→ **ACTION ITEM**
From the first line to the last, give the material again exactly, without the images.

-------- DATASET SECTION

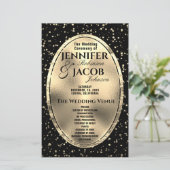 Programme de mariage | Or et noir (Debout devant)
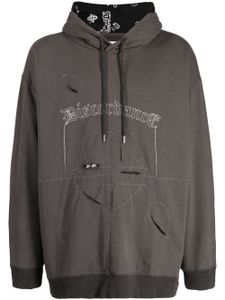 Children Of The Discordance logo-embroidered cotton hoodie - Gris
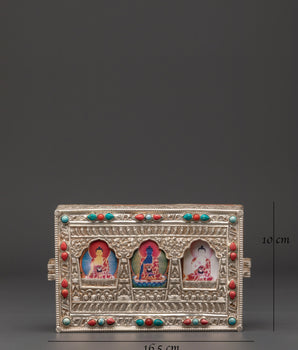 Sacred Tibetan Three Buddha Ghau Box | Sacred Buddhist Amulet for Spiritual Protection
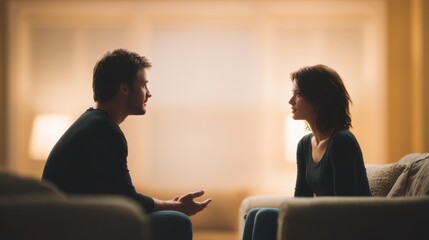Couple engaged in serious conversation, sitting on a cozy couch in a softly lit living room, expressing emotions and conflict in their relationship dynamics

----------------

→ **ANSWER FOR THIS EXERCISE**
 Programme de mariage | Or et noir (Debout devant)
 Children Of The Discordance logo-embroidered cotton hoodie - Gris
 Sacred Tibetan Three Buddha Ghau Box | Sacred Buddhist Amulet for Spiritual Protection
Couple engaged in serious conversation, sitting on a cozy couch in a softly lit living room, expressing emotions and conflict in their relationship dynamics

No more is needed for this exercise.